___ Information supplied ___
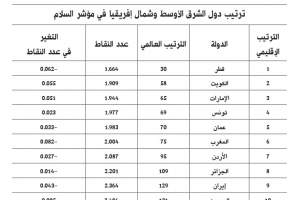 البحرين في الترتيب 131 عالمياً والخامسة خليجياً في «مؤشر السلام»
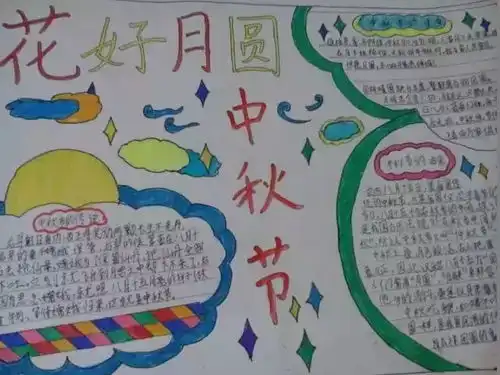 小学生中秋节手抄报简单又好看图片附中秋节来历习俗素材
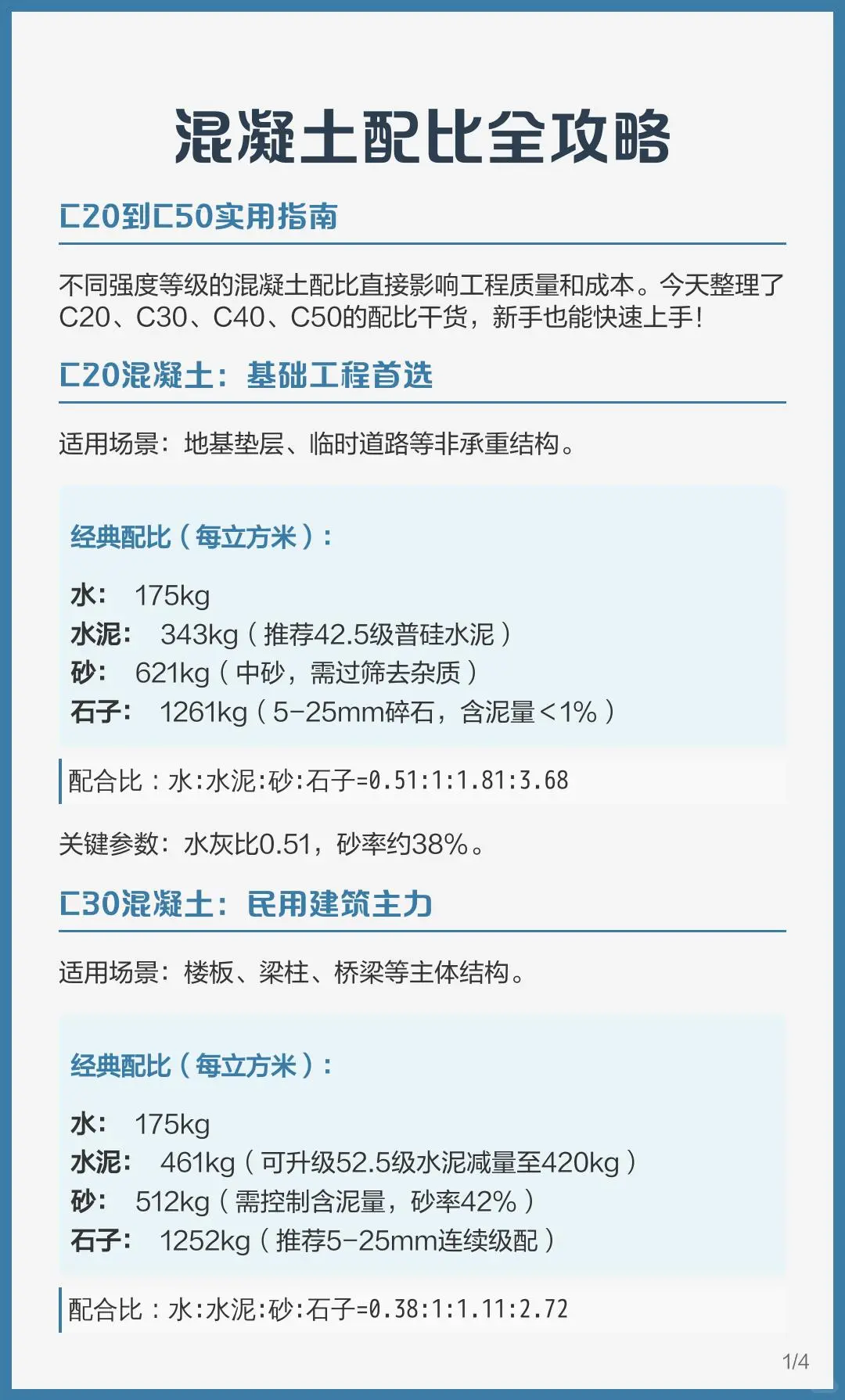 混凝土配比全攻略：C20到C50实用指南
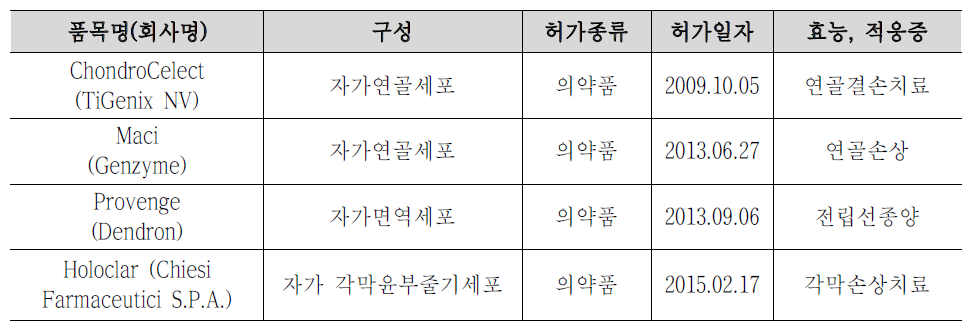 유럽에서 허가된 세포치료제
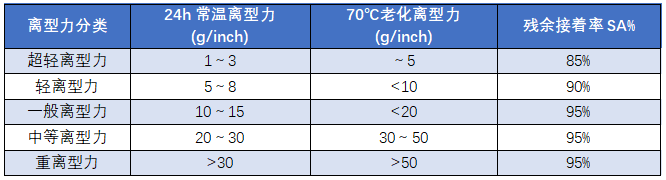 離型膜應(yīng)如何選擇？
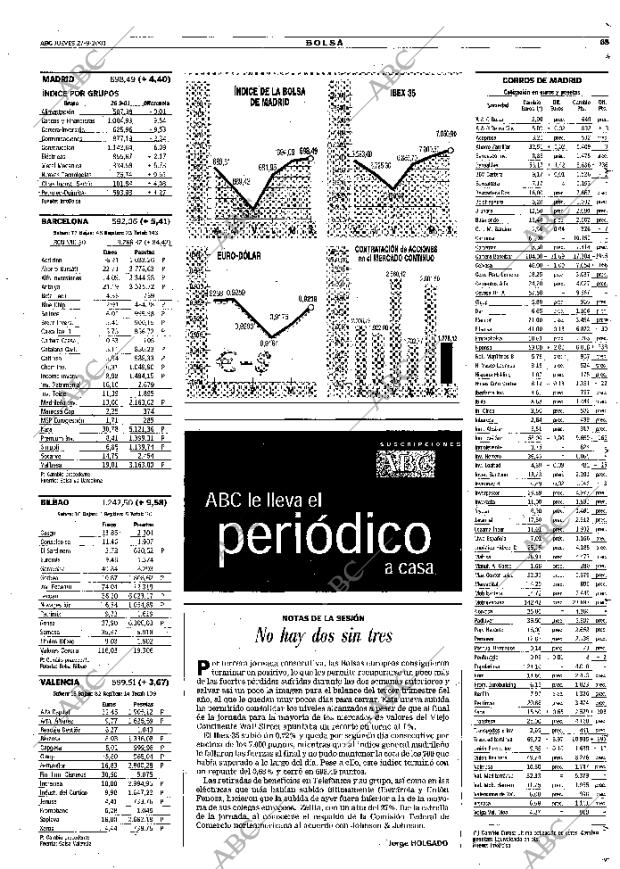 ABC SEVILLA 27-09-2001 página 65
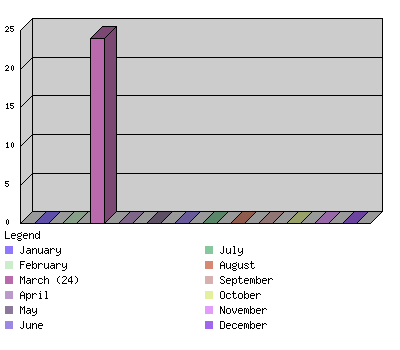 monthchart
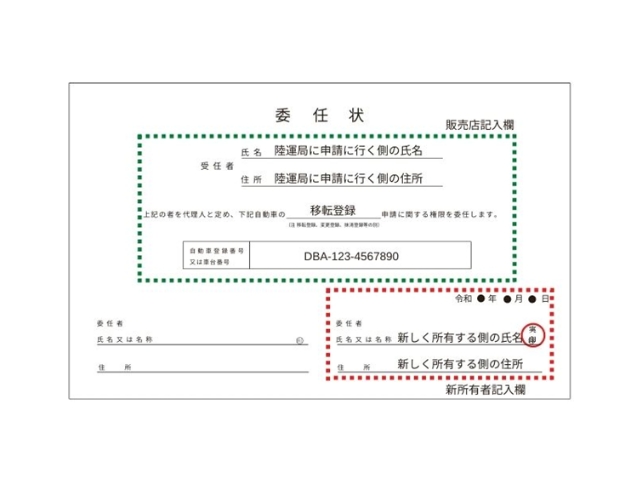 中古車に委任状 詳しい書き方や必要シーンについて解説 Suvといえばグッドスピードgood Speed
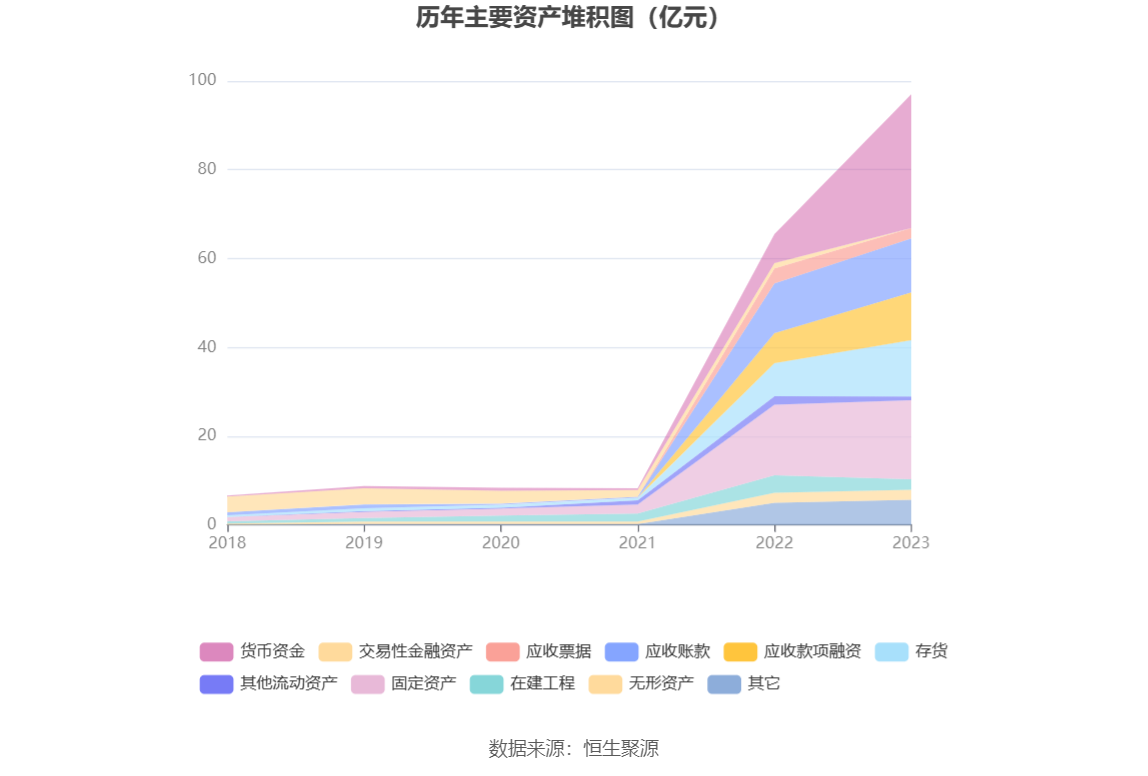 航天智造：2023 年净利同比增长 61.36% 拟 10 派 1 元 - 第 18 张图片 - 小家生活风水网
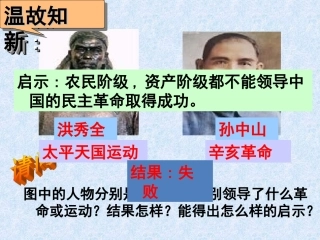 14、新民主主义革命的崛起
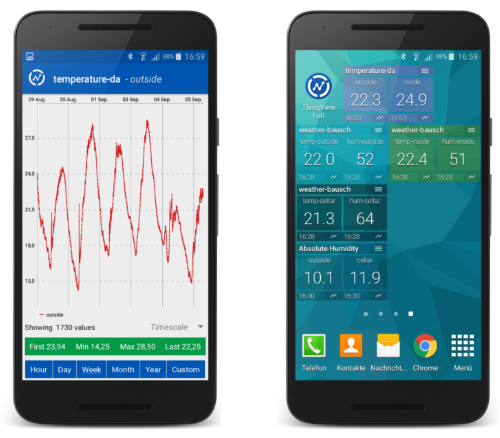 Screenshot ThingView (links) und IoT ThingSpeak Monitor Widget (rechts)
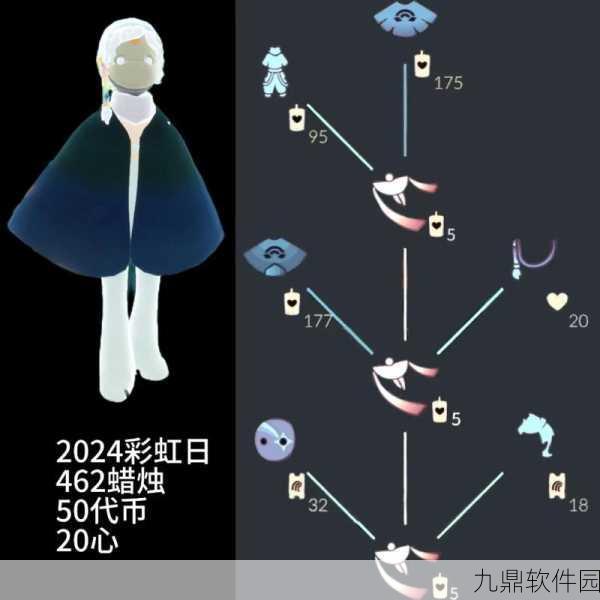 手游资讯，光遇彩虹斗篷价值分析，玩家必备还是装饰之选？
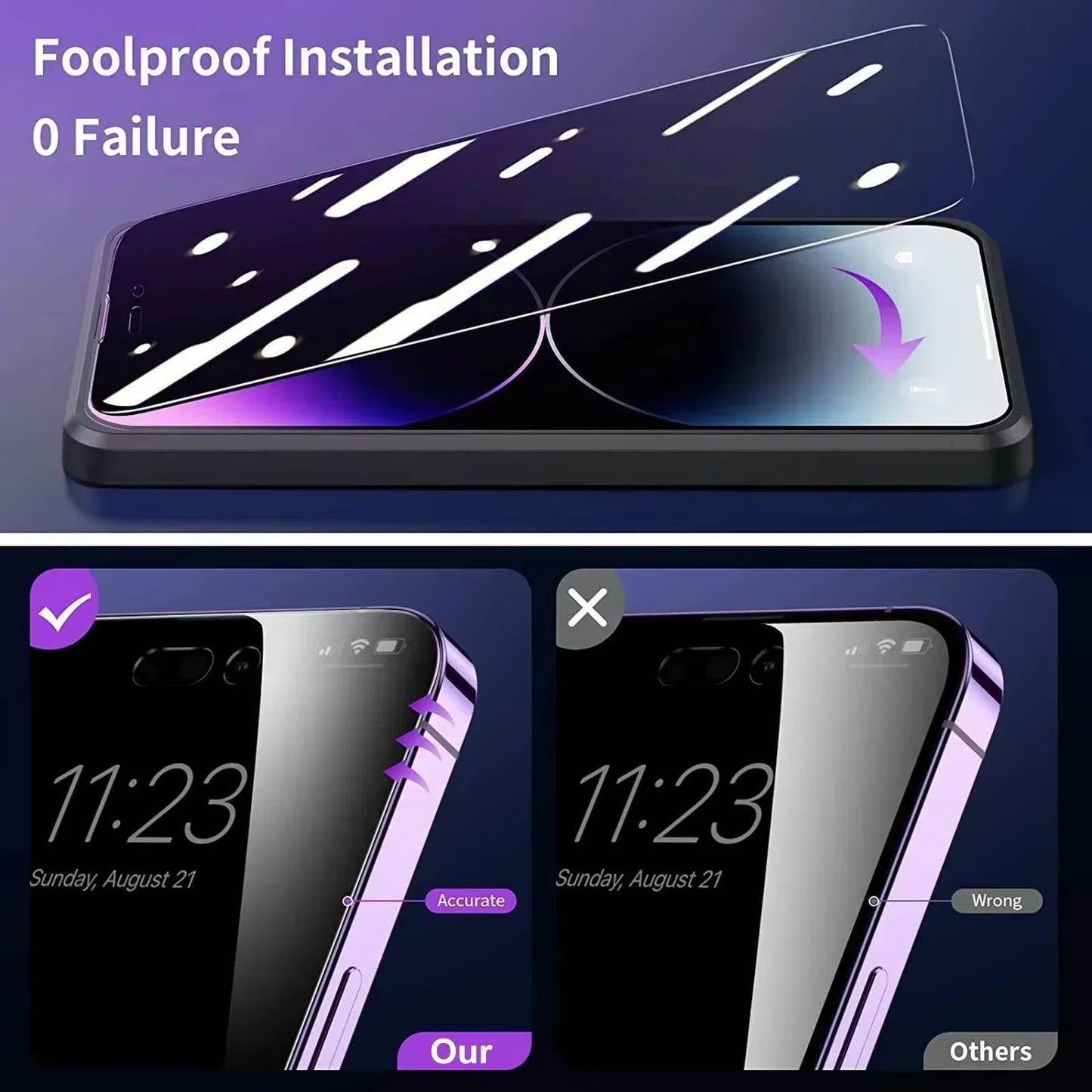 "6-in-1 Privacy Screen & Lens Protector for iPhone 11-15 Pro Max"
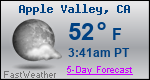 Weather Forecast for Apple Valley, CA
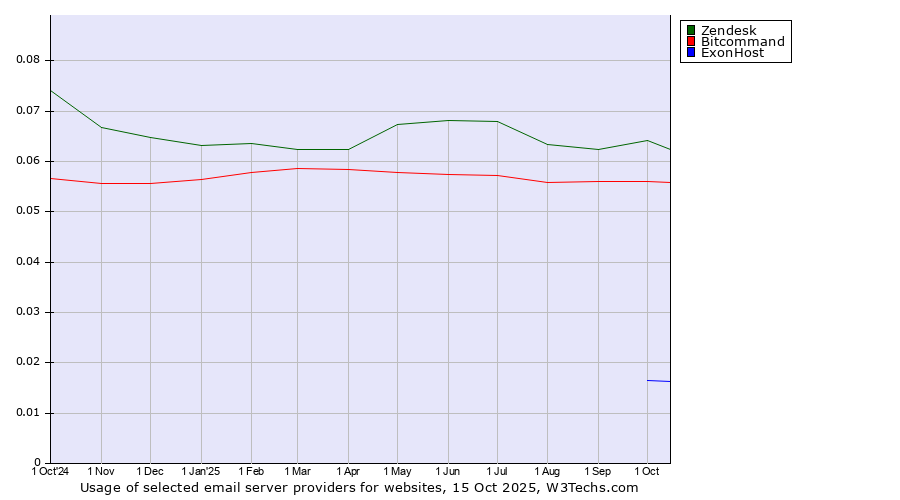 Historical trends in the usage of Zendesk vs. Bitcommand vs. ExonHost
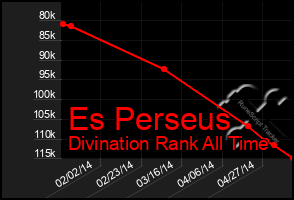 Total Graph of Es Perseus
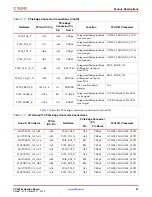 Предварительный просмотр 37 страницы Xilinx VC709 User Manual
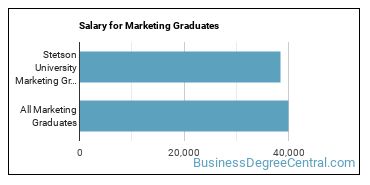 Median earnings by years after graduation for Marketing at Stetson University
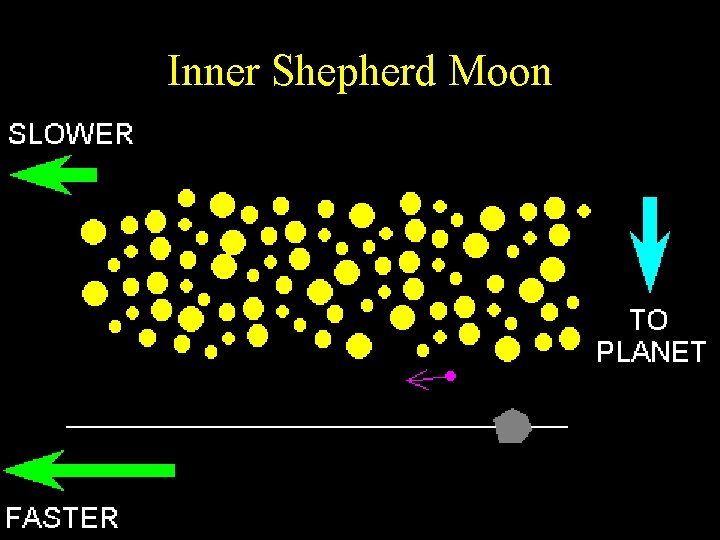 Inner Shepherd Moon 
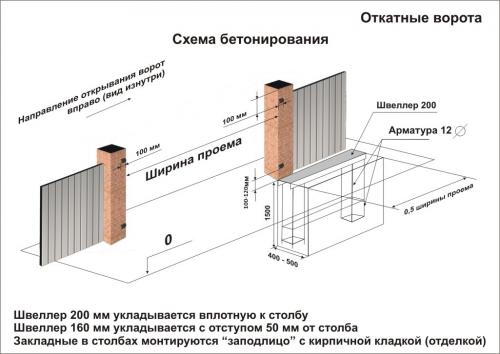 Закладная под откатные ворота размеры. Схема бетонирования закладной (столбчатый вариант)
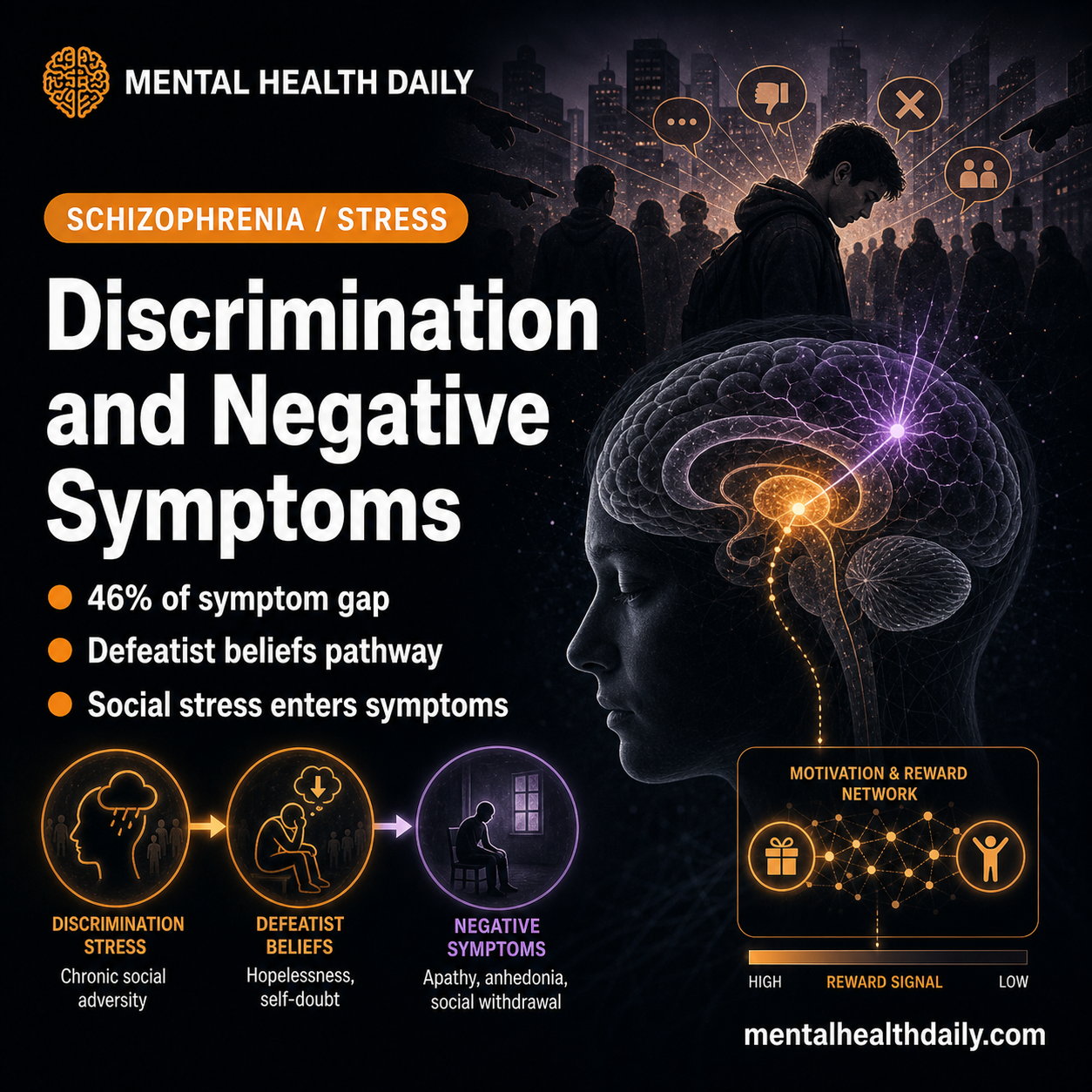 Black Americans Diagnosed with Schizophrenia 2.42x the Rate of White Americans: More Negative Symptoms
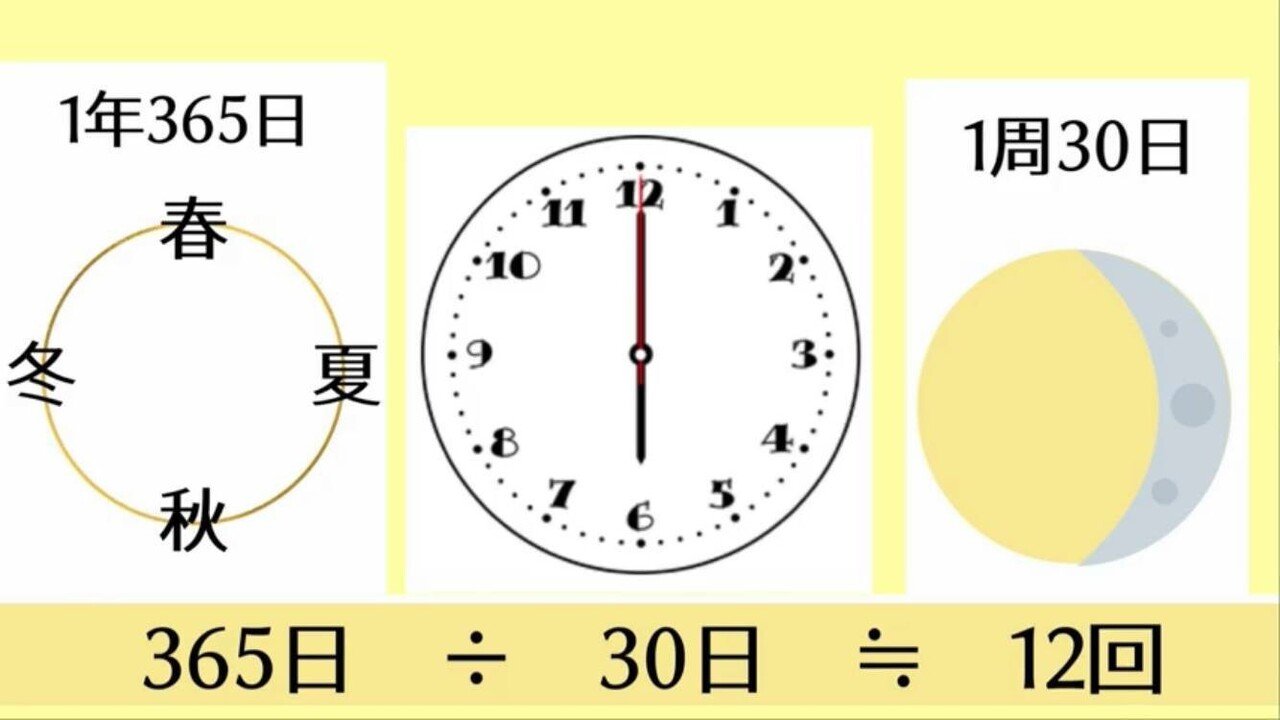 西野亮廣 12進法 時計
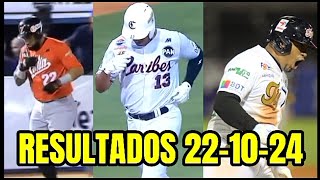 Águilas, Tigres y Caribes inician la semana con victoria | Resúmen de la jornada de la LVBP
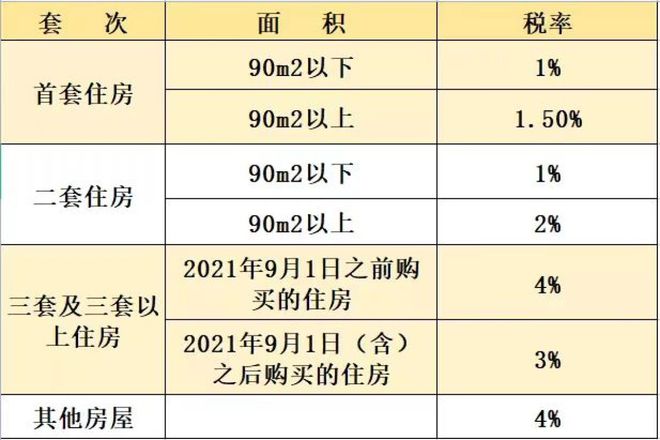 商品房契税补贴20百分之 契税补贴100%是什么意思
___
§ Exercise goal
The line with "Inner Shepherd Moon" and each line after it, through the final line of the data, are to be duplicated exactly, with pictures left out and nothing more included.

§ Expected answer
 Inner Shepherd Moon 
 Закладная под откатные ворота размеры. Схема бетонирования закладной (столбчатый вариант)
 Black Americans Diagnosed with Schizophrenia 2.42x the Rate of White Americans: More Negative Symptoms
 西野亮廣 12進法 時計
 Águilas, Tigres y Caribes inician la semana con victoria | Resúmen de la jornada de la LVBP
 商品房契税补贴20百分之 契税补贴100%是什么意思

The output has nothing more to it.